Sociale media splijt ons.
January 16, 2025
16.01.2025
Zag anderhalve kilometer slang door weilanden kronkelen: waar drijfmest doorheen werd gepompt, van mestput A naar mestsilo B. Uit nood geboren, naar ik aannam
Een buizerd die met me mee bewoog, op enkele armlengtes afstand, tegen de matige wind in. Uit stoutmoedigheid, naar ik aannam. De fiere blik dwong eerbied bij me af.
Vroeg me tijdens de wandeling ook nog af of George Oppen (1908-1984) en John Ashbery (1927-2017) elkanders werk kenden. Oppen won voor Of Being Numerous in 1969 de Pulitzerprijs, en Ashbery voor Self-portrait in a Convex Mirror in 1975. Je zou zeggen van wel. Ik heb er nooit iets over gelezen. Hun gedichten verschillen hemelsbreed. De rationele Oppen versus de irrationele Ashbery. Wat uiteraard een simplificatie is. Evenals de tegenoverstelling: modernistische Oppen – postmodernistische Ashbery. Afijn, van hun beider poëzie houd ik evenveel. (Wat zegt dat over mij?) Zij zijn mijn poëzie-idolen.

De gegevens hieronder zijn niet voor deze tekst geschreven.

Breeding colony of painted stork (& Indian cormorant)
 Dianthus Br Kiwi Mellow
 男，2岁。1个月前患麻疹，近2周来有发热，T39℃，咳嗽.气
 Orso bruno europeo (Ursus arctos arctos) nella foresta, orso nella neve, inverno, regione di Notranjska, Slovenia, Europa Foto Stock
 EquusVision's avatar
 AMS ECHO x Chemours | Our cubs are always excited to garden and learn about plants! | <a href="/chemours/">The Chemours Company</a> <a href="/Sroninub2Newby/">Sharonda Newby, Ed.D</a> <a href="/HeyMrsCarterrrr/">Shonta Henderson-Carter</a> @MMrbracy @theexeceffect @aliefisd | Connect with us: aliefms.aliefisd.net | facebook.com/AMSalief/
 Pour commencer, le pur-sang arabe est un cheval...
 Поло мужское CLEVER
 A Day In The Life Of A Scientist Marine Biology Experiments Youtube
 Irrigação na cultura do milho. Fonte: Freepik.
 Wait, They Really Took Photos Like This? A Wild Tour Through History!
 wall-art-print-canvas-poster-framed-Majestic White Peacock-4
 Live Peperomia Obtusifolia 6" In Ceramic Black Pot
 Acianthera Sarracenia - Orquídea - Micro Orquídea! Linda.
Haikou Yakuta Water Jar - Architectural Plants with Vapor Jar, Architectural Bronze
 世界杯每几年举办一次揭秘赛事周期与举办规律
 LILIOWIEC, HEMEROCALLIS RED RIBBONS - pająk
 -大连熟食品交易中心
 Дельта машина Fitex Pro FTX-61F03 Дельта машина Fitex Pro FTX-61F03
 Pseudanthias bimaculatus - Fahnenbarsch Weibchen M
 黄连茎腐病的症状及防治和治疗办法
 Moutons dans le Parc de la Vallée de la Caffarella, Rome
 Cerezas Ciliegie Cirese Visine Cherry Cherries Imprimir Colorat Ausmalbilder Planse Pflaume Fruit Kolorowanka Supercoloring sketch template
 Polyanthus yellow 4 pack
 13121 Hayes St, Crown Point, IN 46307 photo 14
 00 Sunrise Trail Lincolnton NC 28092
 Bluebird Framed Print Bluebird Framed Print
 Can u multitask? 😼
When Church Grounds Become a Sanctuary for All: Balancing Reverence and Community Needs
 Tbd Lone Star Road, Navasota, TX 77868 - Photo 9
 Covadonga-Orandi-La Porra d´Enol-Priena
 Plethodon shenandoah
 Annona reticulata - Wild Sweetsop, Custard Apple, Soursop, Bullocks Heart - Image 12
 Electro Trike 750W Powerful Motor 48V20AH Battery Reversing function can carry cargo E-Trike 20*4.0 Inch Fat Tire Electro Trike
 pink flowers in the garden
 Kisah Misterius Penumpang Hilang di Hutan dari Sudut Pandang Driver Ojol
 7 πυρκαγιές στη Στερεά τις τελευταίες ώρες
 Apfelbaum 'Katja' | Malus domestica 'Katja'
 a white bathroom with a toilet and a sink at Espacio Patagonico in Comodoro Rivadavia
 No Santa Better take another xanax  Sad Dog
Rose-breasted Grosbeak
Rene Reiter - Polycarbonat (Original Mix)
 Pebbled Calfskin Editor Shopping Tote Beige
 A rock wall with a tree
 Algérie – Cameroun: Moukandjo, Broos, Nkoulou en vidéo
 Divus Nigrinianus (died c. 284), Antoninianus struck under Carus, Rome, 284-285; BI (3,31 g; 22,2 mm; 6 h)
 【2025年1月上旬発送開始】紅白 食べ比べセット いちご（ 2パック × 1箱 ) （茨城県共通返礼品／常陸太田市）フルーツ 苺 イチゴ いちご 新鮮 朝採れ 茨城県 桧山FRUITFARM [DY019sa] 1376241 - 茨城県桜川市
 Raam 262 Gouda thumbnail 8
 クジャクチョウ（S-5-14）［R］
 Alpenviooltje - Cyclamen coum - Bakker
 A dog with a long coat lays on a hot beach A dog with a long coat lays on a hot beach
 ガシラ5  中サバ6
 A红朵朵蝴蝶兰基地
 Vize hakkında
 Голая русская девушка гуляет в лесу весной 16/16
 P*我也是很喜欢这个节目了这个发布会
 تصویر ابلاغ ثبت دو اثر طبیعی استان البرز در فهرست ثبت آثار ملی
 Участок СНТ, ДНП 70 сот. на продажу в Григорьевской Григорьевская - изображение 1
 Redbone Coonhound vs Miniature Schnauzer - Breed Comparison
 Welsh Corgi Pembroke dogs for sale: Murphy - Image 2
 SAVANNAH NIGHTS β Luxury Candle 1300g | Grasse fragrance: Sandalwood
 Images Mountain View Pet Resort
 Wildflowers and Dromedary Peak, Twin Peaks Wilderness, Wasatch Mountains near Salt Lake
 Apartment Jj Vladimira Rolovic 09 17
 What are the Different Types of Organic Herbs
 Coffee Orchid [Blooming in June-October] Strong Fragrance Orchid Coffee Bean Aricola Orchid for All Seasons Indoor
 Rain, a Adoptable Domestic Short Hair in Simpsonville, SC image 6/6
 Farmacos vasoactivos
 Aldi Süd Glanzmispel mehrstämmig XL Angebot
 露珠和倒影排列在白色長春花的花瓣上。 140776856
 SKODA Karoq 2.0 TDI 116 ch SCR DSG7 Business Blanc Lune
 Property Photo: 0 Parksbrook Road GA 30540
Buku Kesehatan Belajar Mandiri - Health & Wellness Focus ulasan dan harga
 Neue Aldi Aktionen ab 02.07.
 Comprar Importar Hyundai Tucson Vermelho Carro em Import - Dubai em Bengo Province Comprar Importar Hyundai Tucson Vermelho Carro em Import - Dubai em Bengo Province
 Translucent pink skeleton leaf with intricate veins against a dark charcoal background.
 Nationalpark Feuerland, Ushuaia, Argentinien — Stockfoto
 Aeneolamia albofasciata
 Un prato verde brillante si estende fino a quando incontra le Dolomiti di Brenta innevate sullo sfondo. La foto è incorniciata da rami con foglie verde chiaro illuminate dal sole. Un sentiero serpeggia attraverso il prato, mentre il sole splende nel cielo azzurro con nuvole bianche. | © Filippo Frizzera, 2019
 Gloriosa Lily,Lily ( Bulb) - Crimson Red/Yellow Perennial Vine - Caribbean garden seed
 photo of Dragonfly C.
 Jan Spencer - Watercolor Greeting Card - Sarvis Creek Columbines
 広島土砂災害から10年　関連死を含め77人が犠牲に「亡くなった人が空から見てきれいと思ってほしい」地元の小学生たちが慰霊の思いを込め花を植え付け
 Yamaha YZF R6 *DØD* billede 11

Na een klein jaar Oppen ben ik overigens wel aan een portie Ashbery toe. Het openings- én titelgedicht van Ashbery’s A Worldly Country, uit 2007, het jaar waarin hij tachtig werd:
EEN WERELDS LANDNiet de vreedzaamheid, niet de waanzinnige klokken op het plein,
de geur van het bemeste stadsperkje,
niet de stoffering, de bijtende spot van Tweety,
niet de verse troepen die toe waren aan een opfrisbeurt. Als het
real time plaatsvond, was het oké, en als het romantijd betrof
was het ook oké. Vanuit paleis en krot
overstroomde de grote parade lanen en zijwegen
en knollenvelden veranderden in een snelweg.
Overgebleven bonbons werden gevoerd aan krielen
en ganzen, die ploertig bliezen.
De rust van de badkamer was verstoord, net als van de porseleinkast
en de banken, waar niemand geld kwam storten.
Kortom, die bonte middag brak de hel los.
Tegen de avond heerste er weer een vredige sfeer. Een maansikkeltje
hing in de lucht als een papegaai op zijn stokje.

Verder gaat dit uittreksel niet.